A lot of people have attacked the fictional character Christian Grey for being a bad dom. Of course, he’d be a terrible dom if he was real. He stalks lip-biting inner-goddess Anastasia, spanks her and takes a strap to her arse, all without her consent.
I’m sure he behaved badly in the second two books as well, but I haven’t been able to read them. Call me a snob and call me a cab, but after skimming Volume One I was out of there.
If Christian Grey were a real person bdsm communities would have warnings about him, for his weird, unethical and non-consensual behaviour. He’d finish up getting charged with assault and being in the centre of a massive media scandal: “Billionaire in kinky love-nest rape!” That sort of thing.
However, as a fictional character his behaviour is a lot better. He’s made a lot more women come, with Fifty Shades in one hand and their bits in the other, than any thousand real doms combined. Even if you include me. That’s a significant contribution to human happiness, and you can’t ignore it.
As a fictional character, my main criticism of Christian Grey is that he doesn’t do nearly enough spanking and commanding and binding the Anastasia of Steel. I skimmed Fifty Shades Freed looking for the bdsm scenes so I could critique them, but I never found any. I’m sure I just didn’t look hard enough.
In the interminable schoolgirl spanking saga I’m writing, there are two headmasters, and they initiate certain of their students into various kinky sexual practises. Obviously, if they were real and lived in our world, they’d both belong in jail.
They’re not breaking age-of-consent laws, and the age gap between them and their charges isn’t all that great: about eight years.
But they’re in a position of authority and there’s no question at all that they’re misusing their authority in ways that, uh, conflict with the criminal code in any civilised society.

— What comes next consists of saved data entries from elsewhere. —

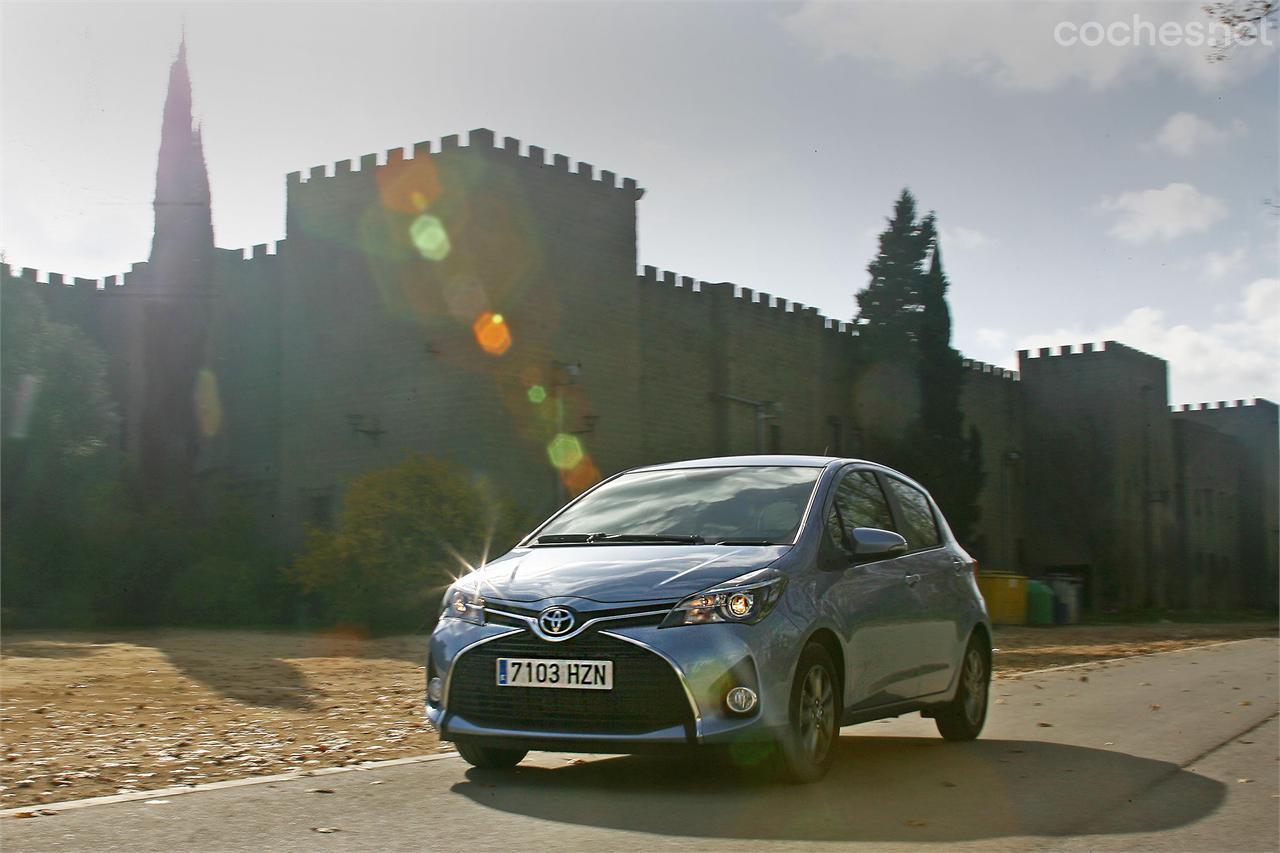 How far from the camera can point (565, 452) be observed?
37594 millimetres

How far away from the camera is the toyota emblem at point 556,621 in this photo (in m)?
7.01

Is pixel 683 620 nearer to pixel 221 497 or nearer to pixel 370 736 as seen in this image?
pixel 370 736

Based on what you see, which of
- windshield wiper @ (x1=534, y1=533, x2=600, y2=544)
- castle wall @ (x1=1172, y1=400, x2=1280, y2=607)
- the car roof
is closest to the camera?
windshield wiper @ (x1=534, y1=533, x2=600, y2=544)

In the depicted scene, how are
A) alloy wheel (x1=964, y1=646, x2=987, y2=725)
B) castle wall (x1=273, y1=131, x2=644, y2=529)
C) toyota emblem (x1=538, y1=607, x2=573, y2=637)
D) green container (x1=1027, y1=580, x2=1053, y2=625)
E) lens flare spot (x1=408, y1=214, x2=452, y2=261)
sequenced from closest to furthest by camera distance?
toyota emblem (x1=538, y1=607, x2=573, y2=637)
alloy wheel (x1=964, y1=646, x2=987, y2=725)
castle wall (x1=273, y1=131, x2=644, y2=529)
lens flare spot (x1=408, y1=214, x2=452, y2=261)
green container (x1=1027, y1=580, x2=1053, y2=625)

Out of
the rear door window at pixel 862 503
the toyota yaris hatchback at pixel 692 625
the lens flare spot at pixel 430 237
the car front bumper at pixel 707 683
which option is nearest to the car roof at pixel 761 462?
the toyota yaris hatchback at pixel 692 625

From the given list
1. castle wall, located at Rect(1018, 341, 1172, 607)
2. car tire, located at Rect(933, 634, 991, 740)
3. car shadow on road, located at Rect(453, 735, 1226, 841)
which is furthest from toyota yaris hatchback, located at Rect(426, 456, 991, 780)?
castle wall, located at Rect(1018, 341, 1172, 607)

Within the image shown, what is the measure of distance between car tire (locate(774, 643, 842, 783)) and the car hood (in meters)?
0.54

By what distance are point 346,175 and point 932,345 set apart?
68.3ft

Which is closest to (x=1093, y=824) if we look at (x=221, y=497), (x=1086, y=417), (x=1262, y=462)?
(x=221, y=497)

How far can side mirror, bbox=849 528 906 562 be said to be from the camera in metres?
7.88

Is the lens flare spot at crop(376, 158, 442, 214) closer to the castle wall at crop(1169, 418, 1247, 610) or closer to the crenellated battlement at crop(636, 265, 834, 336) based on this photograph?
the crenellated battlement at crop(636, 265, 834, 336)

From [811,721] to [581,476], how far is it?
30765mm

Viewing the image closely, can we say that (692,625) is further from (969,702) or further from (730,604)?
(969,702)

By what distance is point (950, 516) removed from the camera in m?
51.1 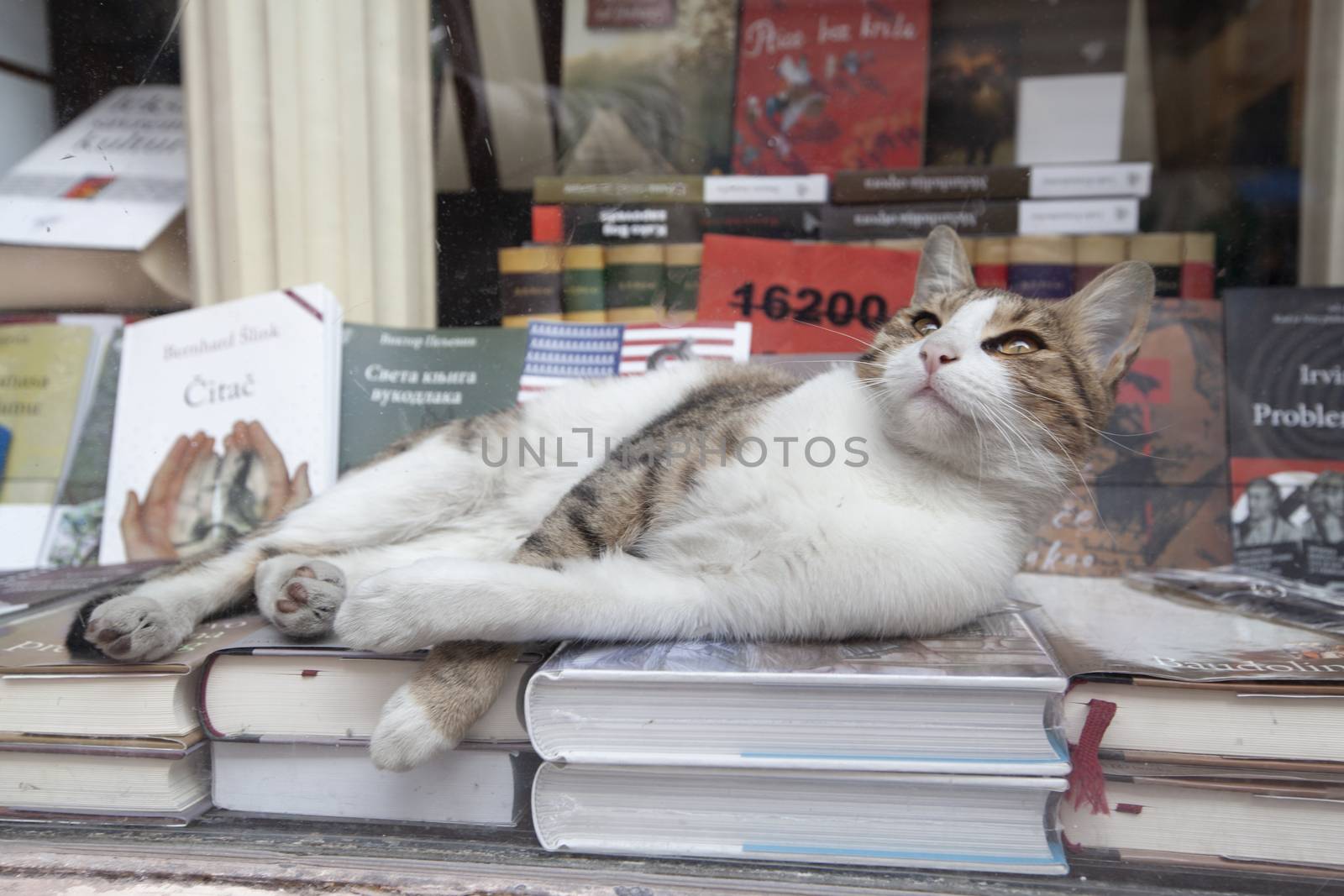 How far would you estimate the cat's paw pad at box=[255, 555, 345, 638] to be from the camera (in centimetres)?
77

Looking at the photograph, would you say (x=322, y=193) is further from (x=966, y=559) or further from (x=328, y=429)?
(x=966, y=559)

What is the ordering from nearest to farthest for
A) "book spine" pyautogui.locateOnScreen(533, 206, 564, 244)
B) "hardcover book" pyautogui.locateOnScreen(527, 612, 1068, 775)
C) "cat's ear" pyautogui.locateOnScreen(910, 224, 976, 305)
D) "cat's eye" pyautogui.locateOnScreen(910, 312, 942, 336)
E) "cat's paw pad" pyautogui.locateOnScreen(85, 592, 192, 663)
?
"hardcover book" pyautogui.locateOnScreen(527, 612, 1068, 775) < "cat's paw pad" pyautogui.locateOnScreen(85, 592, 192, 663) < "cat's eye" pyautogui.locateOnScreen(910, 312, 942, 336) < "cat's ear" pyautogui.locateOnScreen(910, 224, 976, 305) < "book spine" pyautogui.locateOnScreen(533, 206, 564, 244)

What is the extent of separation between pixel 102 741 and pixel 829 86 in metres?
1.28

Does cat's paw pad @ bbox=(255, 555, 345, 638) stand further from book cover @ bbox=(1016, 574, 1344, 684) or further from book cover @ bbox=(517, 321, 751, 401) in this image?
book cover @ bbox=(1016, 574, 1344, 684)

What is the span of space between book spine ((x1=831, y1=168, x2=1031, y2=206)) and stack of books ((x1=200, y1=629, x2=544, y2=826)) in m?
0.91

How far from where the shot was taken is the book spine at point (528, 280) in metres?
1.14

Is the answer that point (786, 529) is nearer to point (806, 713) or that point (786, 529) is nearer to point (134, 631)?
point (806, 713)

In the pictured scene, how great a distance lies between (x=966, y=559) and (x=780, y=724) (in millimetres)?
251

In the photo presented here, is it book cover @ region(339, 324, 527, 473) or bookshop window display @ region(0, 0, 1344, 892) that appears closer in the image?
bookshop window display @ region(0, 0, 1344, 892)

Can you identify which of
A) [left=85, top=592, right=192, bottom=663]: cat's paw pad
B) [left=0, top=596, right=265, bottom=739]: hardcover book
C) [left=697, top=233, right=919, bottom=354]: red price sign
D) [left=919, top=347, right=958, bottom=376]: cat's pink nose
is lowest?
[left=0, top=596, right=265, bottom=739]: hardcover book

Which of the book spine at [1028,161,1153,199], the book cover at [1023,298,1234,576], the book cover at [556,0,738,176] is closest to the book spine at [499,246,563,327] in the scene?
the book cover at [556,0,738,176]

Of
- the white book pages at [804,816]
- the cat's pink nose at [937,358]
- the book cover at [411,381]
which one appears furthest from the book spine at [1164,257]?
the book cover at [411,381]

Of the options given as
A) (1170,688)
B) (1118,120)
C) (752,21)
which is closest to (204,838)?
(1170,688)

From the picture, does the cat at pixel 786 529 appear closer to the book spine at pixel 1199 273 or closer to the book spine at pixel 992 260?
the book spine at pixel 992 260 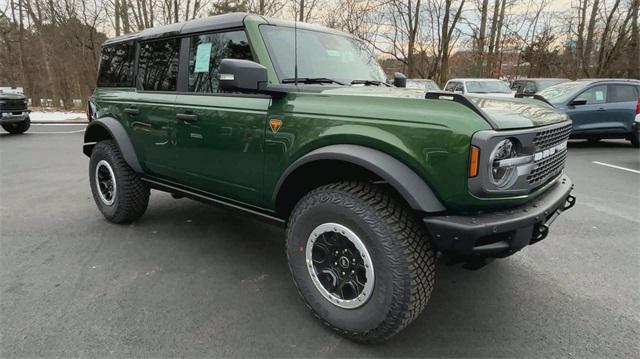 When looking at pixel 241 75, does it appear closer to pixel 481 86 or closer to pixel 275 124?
pixel 275 124

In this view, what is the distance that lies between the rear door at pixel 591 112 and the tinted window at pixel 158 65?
9.38 meters

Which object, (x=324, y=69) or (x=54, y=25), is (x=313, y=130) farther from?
(x=54, y=25)

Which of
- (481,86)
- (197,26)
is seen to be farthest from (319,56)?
(481,86)

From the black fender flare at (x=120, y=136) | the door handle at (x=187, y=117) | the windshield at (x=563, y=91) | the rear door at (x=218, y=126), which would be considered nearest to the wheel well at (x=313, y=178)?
the rear door at (x=218, y=126)

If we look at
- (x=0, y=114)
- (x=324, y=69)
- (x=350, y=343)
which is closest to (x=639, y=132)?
(x=324, y=69)

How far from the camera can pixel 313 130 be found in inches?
96.2

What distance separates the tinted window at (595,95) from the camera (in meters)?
9.91

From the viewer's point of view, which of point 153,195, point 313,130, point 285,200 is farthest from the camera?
point 153,195

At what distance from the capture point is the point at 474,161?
6.36ft

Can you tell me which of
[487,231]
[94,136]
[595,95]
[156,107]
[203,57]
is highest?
[203,57]

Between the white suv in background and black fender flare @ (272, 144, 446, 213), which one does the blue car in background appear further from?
black fender flare @ (272, 144, 446, 213)

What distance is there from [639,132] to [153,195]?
10115mm

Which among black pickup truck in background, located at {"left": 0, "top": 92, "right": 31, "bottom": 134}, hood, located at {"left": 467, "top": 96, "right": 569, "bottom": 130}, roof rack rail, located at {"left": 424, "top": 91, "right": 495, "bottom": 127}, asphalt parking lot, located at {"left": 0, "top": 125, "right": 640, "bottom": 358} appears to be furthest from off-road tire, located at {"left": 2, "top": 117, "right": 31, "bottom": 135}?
hood, located at {"left": 467, "top": 96, "right": 569, "bottom": 130}

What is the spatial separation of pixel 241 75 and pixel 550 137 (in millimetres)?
1777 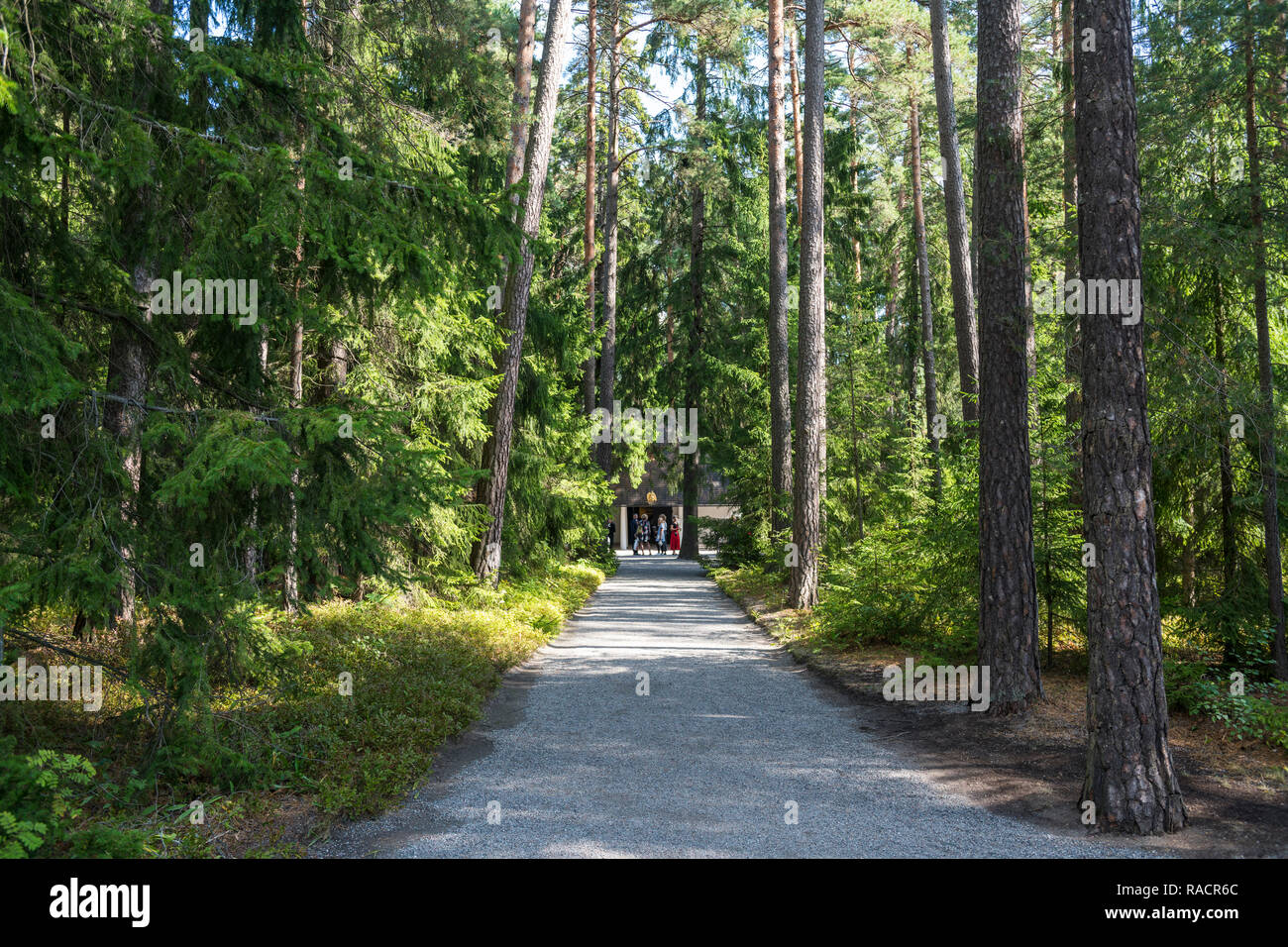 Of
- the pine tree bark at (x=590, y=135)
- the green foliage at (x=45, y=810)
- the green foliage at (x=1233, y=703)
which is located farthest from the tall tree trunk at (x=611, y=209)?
the green foliage at (x=45, y=810)

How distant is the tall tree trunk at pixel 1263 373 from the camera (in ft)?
24.5

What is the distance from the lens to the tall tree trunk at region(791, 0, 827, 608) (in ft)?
49.2

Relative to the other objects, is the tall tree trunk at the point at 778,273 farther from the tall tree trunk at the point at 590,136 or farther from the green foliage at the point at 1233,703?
the green foliage at the point at 1233,703

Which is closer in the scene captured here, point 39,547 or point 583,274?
point 39,547

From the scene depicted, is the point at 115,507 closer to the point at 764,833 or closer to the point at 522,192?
the point at 522,192

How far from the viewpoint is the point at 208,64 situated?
16.7ft

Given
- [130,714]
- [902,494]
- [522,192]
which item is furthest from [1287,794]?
[902,494]

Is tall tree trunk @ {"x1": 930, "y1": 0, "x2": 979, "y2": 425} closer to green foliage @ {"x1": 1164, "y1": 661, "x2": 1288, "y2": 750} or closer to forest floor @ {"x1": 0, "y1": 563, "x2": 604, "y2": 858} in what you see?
green foliage @ {"x1": 1164, "y1": 661, "x2": 1288, "y2": 750}

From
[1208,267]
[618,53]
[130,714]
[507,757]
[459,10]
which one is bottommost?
[507,757]

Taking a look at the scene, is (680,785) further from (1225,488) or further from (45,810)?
(1225,488)

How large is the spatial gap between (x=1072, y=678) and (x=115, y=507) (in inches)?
340

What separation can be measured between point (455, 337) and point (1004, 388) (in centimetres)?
825

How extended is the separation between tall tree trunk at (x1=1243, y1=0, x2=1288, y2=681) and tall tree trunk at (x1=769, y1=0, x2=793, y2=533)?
9.65 metres

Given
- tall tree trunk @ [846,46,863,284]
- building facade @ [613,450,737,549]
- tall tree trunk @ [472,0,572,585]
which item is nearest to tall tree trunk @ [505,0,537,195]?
tall tree trunk @ [472,0,572,585] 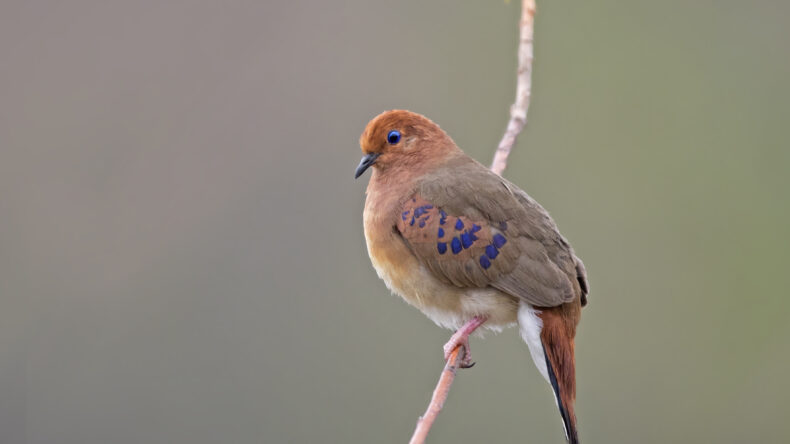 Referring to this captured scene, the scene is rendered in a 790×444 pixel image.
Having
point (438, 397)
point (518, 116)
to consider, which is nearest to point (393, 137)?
point (518, 116)

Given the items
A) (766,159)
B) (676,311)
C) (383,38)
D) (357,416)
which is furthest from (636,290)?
(383,38)

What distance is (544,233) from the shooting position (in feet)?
13.8

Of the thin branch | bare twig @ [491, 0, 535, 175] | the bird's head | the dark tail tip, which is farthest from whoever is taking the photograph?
the bird's head

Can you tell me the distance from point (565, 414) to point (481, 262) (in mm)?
684

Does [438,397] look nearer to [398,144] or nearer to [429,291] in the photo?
[429,291]

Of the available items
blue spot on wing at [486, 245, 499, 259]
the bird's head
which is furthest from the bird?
the bird's head

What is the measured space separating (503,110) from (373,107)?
1275 mm

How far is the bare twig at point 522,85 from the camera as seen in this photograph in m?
4.34

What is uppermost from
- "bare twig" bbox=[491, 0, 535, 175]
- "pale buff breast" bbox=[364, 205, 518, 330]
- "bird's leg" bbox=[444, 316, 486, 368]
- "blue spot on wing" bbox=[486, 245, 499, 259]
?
"bare twig" bbox=[491, 0, 535, 175]

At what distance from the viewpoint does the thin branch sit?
3.36 metres

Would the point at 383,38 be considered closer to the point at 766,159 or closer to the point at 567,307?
the point at 766,159

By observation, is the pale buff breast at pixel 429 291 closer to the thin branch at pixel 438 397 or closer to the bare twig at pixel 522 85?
the thin branch at pixel 438 397

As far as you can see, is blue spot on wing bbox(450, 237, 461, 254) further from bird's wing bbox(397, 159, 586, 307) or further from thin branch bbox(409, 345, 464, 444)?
thin branch bbox(409, 345, 464, 444)

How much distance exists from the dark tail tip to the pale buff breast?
0.30m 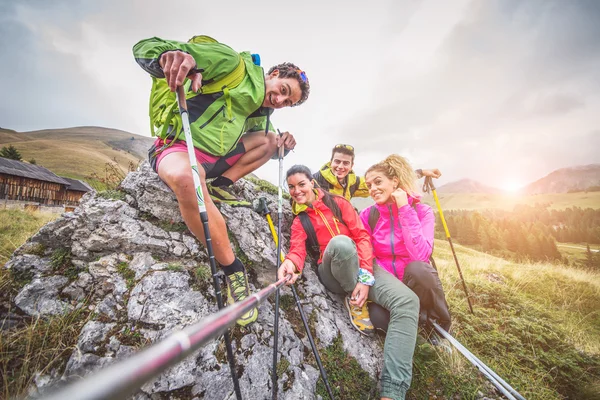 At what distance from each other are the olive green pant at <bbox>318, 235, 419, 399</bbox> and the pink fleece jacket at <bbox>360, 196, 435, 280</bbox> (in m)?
0.32

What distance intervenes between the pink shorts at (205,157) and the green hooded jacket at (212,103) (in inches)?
3.9

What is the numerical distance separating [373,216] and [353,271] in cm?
134

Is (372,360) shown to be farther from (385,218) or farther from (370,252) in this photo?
(385,218)

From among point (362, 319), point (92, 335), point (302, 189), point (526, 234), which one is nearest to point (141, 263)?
point (92, 335)

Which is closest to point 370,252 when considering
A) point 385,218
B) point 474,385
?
point 385,218

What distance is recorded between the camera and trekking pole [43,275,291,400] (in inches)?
18.7

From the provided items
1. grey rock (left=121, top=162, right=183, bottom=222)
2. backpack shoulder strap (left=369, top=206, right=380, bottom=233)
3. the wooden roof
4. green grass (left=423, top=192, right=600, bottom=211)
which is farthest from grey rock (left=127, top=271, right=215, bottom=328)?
green grass (left=423, top=192, right=600, bottom=211)

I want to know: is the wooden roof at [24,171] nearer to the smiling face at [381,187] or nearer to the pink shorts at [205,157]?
the pink shorts at [205,157]

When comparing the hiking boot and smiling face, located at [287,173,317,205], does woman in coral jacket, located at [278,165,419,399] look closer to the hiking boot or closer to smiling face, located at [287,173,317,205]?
smiling face, located at [287,173,317,205]

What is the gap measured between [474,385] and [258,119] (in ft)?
16.1

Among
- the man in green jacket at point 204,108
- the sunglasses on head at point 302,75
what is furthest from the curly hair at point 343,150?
the man in green jacket at point 204,108

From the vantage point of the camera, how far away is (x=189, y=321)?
268cm

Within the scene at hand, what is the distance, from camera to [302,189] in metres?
Result: 4.05

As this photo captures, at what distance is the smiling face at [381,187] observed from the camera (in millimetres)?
4098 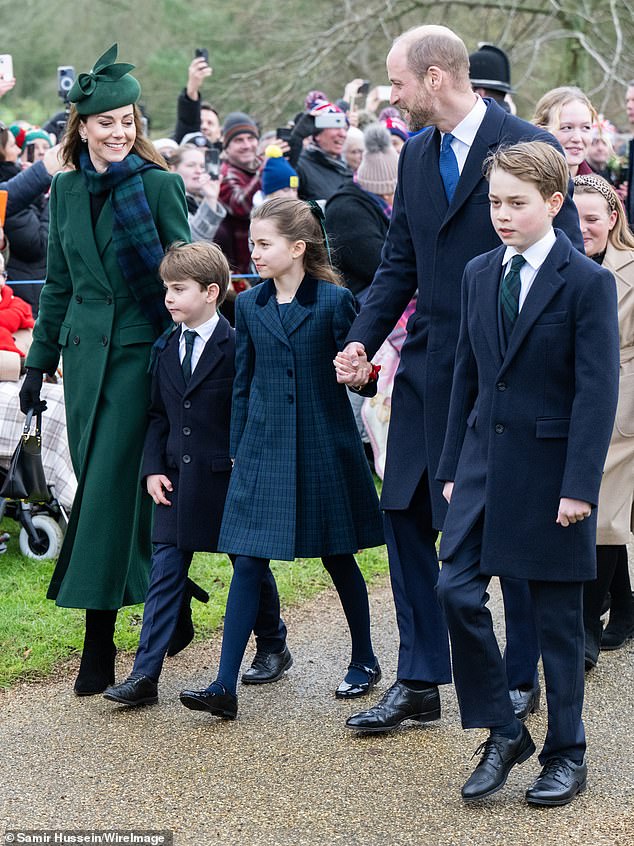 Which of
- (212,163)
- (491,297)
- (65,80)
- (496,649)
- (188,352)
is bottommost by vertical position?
(496,649)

On the other hand, these two imaginary men are written to give pleasure to their readers, and my impression is that my spanking headmasters, like the “naughty schoolgirl” scenario itself, appeal particularly to a female audience. I am that audience’s humble servant.
There is, eventually, a happy ending to the Jennifer-and-Maddie saga, but at the rate at which time moves in my stories, that ending will probably arrive some time in 2021. In the meantime, my point is, I’m happy to write it and make it as sexy as possible. While being fervently against corporal punishment and sex between teachers and students in the real world.
I’m not saying that fictional characters have no ethical requirements at all. We erotica writers who consider ourselves to be on the side of the angels (especially the sexy, spankable, fuckable angels) don’t write bestiality, or eroticise rape, or write scenarios involving people under eighteen, though the age of consent where I live is sixteen.
But still, there is a difference, a space, between fantasy and real life, and it’s a space that erotica writers spend a lot of time in. It’s fluid and it’s complex, like the best sex, and we need to defend our freedom to have erotic fantasies that are perfectly sexy without necessarily being perfectly ethical.
We know the difference between fiction and fantasy, on the one hand, and the real world, in the other.
We need to take action in the real world to challenge the beliefs and indulgences that make it far too easy for men to rape and get away with it, and to give support to organisations that support women who’ve been subjected to rape and other violence.
At the same time, we need to defend our right to have erotic fantasies, and to share them with others.
Erotica is a powerful tool for improving human happiness, and for helping people to find and explore their own erotic selves without censorship or condemnation.
Pleasure is, at least, undervalued. It shouldn’t be shamed.